The Electronic Intifada 9 March 2008
Jenin Jenin documents the aftermath of Israel’s April 2002 siege of the northern West Bank refugee camp, during which many of the residents were killed and a large part of the camp was leveled by bulldozers. Journalists were not allowed into the camp during the incursion and Israeli forces did not allow human rights organizations in immediately afterwards, and the film documents the destruction of the camp and the exasperation of camp residents during this time. Jenin Jenin co-producer Iyad Samudi was killed by Israeli forces shortly after the film’s completion.
In 2002 the film was banned by the Israeli Film Ratings Board but a year later the ban was lifted by the Israel’s high court after one year of media attacks against Mohammad. The attacks went on in the following years, through 2007, when five Israeli army reservists who participated in the Jenin massacre accused Bakri of defamation of character. Their names, their faces and their bodies don’t appear in the film. But what if they were in the film? If they were filmed committing shootings, demolitions, the massacre perpetrated with the consensus of the political and military chain of Israel, could we say that the images were a form of defamation? Photos and images, in a certain sense, are the icons of the object that they represent. But the point of the trial isn’t that it does or doesn’t show images of the soldiers in the film; the problem is that it gives voice to the survivors of Jenin.
During those days in the Auditorium of Rome we phoned a journalist who interviewed Mohammad Bakri, but we thought that the interview wasn’t enough. The issue was too complicated and serious to be dealt with only in an article. If Mohammad will be found guilty by an Israeli court in Petah Tikva he will have to pay 2.5 million new Israeli shekels in “compensation,” but more than that he will be forced to (but he won’t do so) declare that the film is not truthful — an intimidating precedent for all filmmakers (Palestinian as well as Jewish Israeli) seeking to document Israel’s crimes in the West Bank and Gaza Strip. Bakri’s film is strong largely because it doesn’t rely on quantitatively stating how many executions took place in Jenin. Instead, it gives opportunity for the testimony a mother who says that one of her children was publicly executed, in front of her eyes. A disabled man expresses what happened to him and to his family during the siege, something more impressive and dangerous (for the soldiers who participated in the massacre) than quantitative data with which victims are mere statistics.

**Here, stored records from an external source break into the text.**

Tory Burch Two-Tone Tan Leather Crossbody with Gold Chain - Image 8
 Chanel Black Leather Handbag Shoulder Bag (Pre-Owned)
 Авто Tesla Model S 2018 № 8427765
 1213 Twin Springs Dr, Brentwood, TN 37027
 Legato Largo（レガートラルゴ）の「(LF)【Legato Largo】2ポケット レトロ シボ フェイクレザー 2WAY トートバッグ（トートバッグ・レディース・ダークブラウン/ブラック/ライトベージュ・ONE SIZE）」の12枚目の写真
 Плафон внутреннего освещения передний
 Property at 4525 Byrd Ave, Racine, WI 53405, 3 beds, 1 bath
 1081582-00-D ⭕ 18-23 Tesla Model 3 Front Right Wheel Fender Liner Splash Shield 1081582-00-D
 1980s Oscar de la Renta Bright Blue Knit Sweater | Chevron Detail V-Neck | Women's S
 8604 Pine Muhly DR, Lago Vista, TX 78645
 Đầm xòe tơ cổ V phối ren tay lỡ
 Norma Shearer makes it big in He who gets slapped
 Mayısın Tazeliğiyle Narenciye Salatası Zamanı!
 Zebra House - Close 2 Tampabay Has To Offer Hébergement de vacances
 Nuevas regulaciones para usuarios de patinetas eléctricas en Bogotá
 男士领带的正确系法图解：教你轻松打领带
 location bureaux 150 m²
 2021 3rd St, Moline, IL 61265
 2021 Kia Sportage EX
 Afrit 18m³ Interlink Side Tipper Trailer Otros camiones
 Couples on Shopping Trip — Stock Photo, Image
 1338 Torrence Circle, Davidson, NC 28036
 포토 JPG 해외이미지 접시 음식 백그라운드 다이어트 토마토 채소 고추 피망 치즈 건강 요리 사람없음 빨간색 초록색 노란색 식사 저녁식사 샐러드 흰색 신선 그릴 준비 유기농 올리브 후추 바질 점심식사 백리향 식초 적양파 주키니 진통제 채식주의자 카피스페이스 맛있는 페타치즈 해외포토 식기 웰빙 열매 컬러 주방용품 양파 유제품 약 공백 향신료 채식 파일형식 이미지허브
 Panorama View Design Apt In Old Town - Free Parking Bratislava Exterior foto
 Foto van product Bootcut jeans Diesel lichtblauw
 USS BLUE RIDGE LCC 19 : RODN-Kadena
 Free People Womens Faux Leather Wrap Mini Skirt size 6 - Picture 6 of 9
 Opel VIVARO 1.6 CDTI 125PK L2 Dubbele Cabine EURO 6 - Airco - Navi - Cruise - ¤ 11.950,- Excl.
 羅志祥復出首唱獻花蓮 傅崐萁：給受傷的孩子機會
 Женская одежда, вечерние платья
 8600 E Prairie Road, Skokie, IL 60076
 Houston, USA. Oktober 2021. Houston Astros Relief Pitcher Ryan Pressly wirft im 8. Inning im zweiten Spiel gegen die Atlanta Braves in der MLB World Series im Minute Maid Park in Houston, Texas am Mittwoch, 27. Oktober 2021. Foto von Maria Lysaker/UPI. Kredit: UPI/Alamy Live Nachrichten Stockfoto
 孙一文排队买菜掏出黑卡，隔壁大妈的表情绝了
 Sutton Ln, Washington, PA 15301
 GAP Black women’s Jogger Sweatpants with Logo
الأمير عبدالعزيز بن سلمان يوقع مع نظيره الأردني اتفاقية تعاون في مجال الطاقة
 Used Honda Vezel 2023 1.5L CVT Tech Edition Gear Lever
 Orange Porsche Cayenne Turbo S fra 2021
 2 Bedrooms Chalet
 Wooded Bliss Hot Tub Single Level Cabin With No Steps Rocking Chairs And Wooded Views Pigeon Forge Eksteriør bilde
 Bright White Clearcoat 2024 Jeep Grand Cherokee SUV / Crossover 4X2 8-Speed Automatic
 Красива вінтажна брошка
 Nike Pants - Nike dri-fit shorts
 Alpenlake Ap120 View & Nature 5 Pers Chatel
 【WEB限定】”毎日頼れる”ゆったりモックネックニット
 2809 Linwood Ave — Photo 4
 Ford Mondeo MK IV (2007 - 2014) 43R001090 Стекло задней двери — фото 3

In response, we in Italy organized a campaign and contacted the most important Italian actors and filmmakers (including Giuseppe Bertolucci, Saverio Costanzo, Marco Tullio Giordana, Mario Monicelli and Moni Ovadia), asking for their signatures in a petition of solidarity with Mohammad. Some of them worked with Mohammad in the past, others just knew his story and recognized the same danger that we felt: the risk of something stronger than censorship, the risk that some soldiers responsible for a massacre would demand compensation from the director of a film documenting their crimes.
From 28 January until now, Jenin Jenin has been screened in more than 40 Italian cities and towns, with the fundamental help of the Association Hawiyya and its Project “Mediazione,” which aims to correct official media by providing alternative information from sevaral areas of the world. In Rome, Naples, Bologna, Siena and Turin, Mohammad Bakri told his story and participated in several debates on his trial. The screenings continue, with new towns and cities are organizing the events, lending an even wider audience to the film.
Nicola Perugini is one of the organizers of the Italian campaign of solidarity with Mohammad Bakri. The other organizers are Marco Dinoi, who passed away on 15 January (the campaign is dedicated to him) and Andrea Del Grosso of the Association Hawiyya of Siena.